Turkish Aerospace has revealed a full-scale mockup of its Hürjet advanced supersonic trainer/light attack platform. The company officially launched development of the jet-powered aircraft in August 2017 with the primary aim of replacing the Turkish Air Force’s fleet of around 70 Northrop T-38A Talons, although Turkish Aerospace (Chalet A31; Outdoor Exhibit OE29/30) expects the ultimate requirement to be higher and will offer the aircraft for export. First flight is planned for 2022 or 2023.
Intended primarily for advanced/lead-in fighter training duties, the Hürjet is also to be employed on “Red Air” adversary, light attack/close support and border surveillance missions, augmenting the air force’s fleet of F-16s. The mockup on display this week at the Farnborough Airshow is depicted with L-UMTAS laser-guided air-to-surface missile, Teber-81 and -82 laser/GPS-guided bombs, and the HGK-82 GPS/inertially-guided bomb.
Hürjet is intended to have a top speed of Mach 1.2 and a 13,710-m (45,000-foot) ceiling. A 6,000-kg (13,228-pound) payload is envisioned, including radar and electro-optical/infrared sensors. Avionics and other systems draw heavily on those developed for the Hürkus turboprop-powered trainer, which also has an armed version known as Hürkus-C.

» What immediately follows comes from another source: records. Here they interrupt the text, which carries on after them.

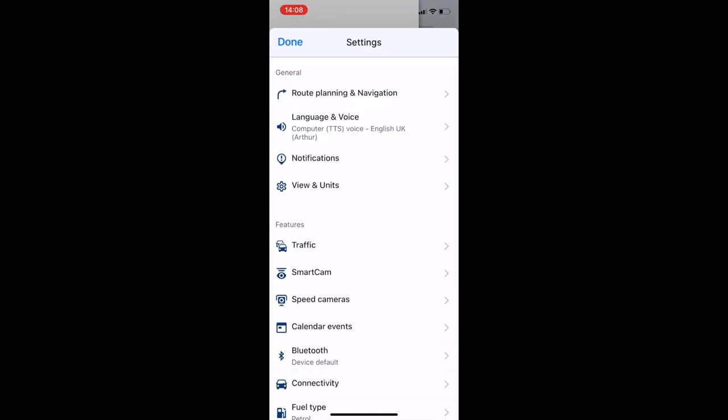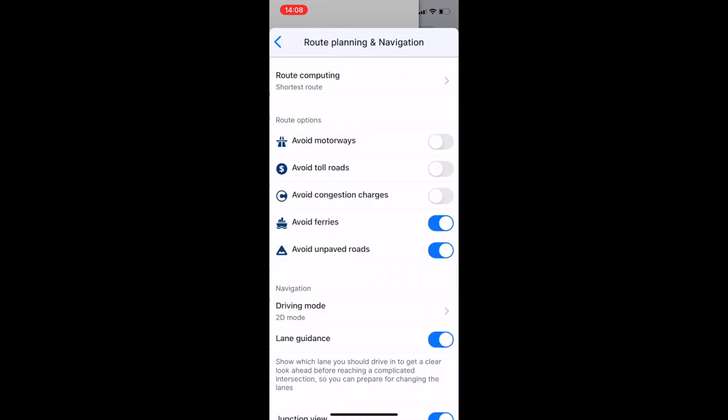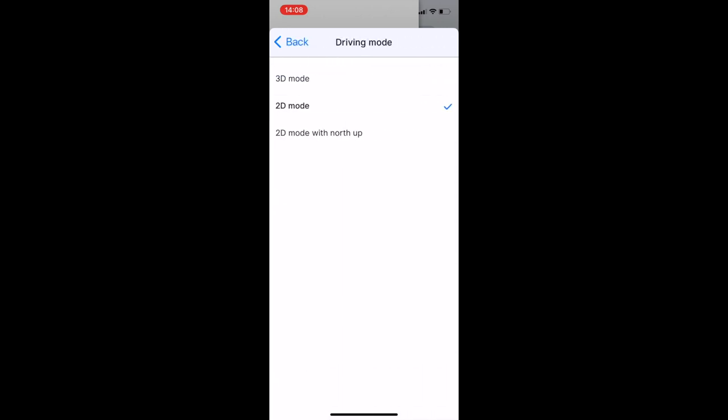Then click on the top one which is route planning, then scroll down and you'll see navigation. It says driving mode.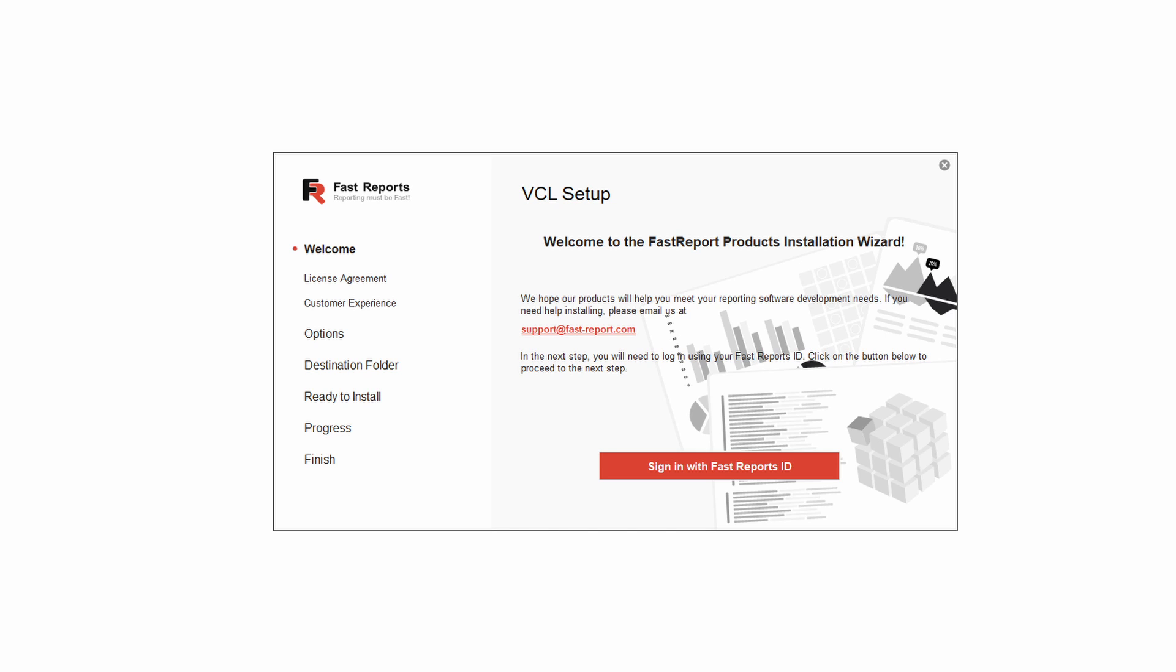The link to this article will be in the description, and you can also ask questions in comments under this video, and we'll try to help you. If you're interested in Fast Report VCL or our other products, you can take a look at other videos on this channel. All our videos are sorted by product, and included in playlists, which you can find in the description.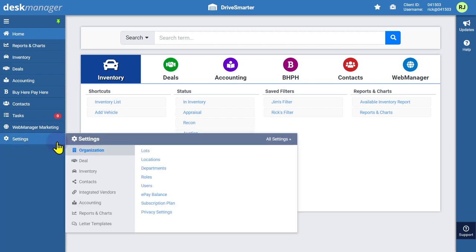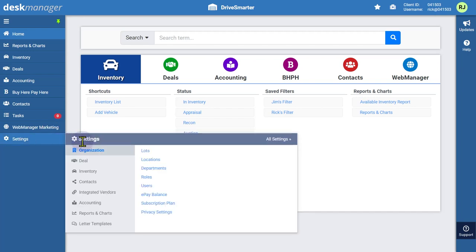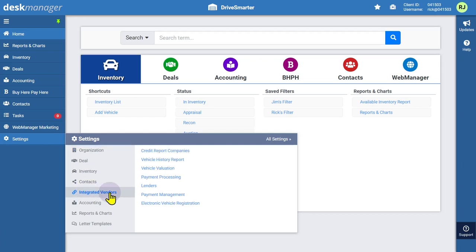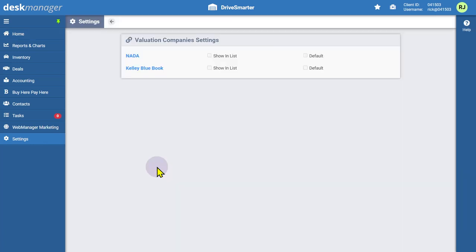To do this, click on the settings cogwheel located at the bottom of the leftmost sidebar. Under the Integrated Vendors category, select Vehicle Valuation.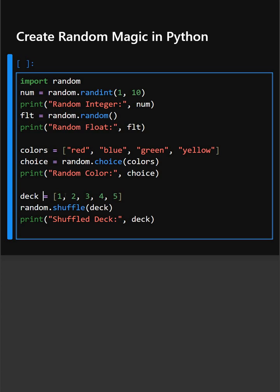Then we are taking a list of deck numbers. Here, shuffle() randomly rearranges the items in a list, just like shuffling cards. And this will print the shuffled list.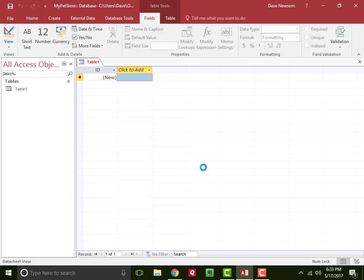If you recall the first video, when you launch a blank database, you get this Table1. It opens a tab for you just to get you started. So we'll go ahead and use this table.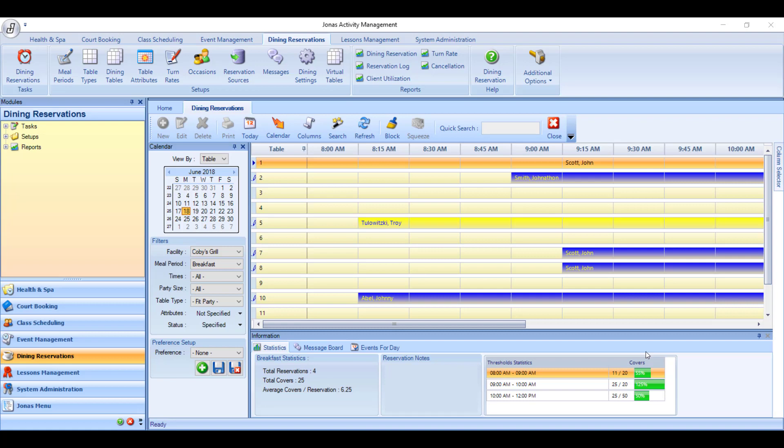To make a dining reservation, first click on Dining Reservations, and then Dining Reservations in the top left corner. This will open up your reservation screen.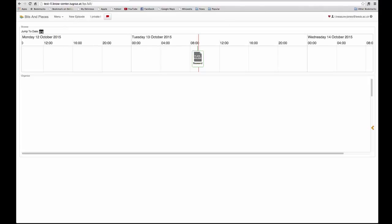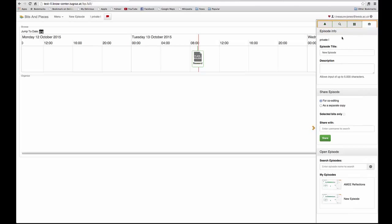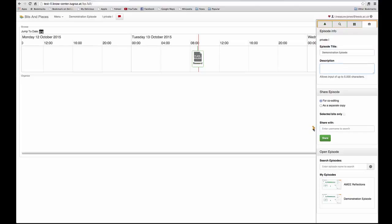If you want to change the name of the episode, you go to the side panel, click on the briefcase for the episode information and we can change it here. And then I can close the side panel.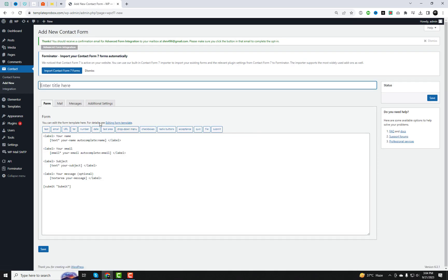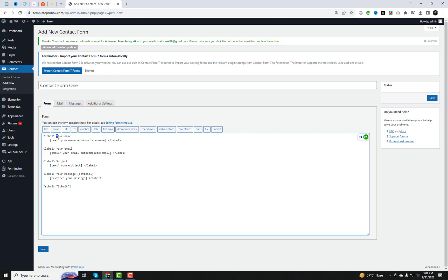Let's create a test form with Contact Form 7, adding various fields. Afterward, I will demonstrate how to import it into the Forminator plugin. It's a straightforward process — just follow my steps and watch this video until the end.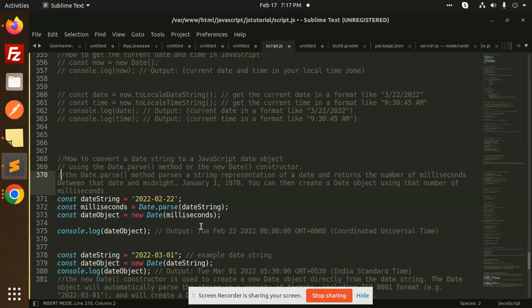The first one is called date.parse and the second one is called date object. So let's go to the first one that is called the date.parse. You can see that there is a date string.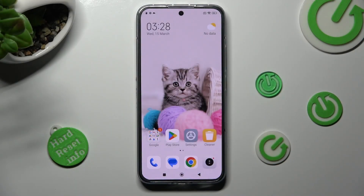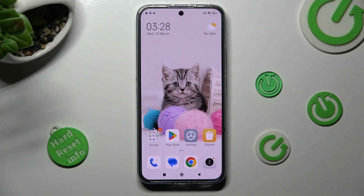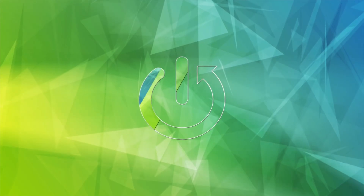Hi, in front of me is Xiaomi 13, and today I would like to show you how you can switch on or off auto-rotation on this device.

An indigenous advanced jet trainer has figured in Turkey’s planning for around a decade, with more detailed conceptual studies beginning around seven years ago. The first images of the project depicted a twin-fin, twin-engined design, similar to the joint Sierra Nevada Corporation/Turkish Aerospace Freedom Trainer that was pitched as a potential T-X candidate for the U.S. Air Force. More recently, images of a single-fin, single-engined Hürjet design have been released, and the mockup has been completed in this new configuration.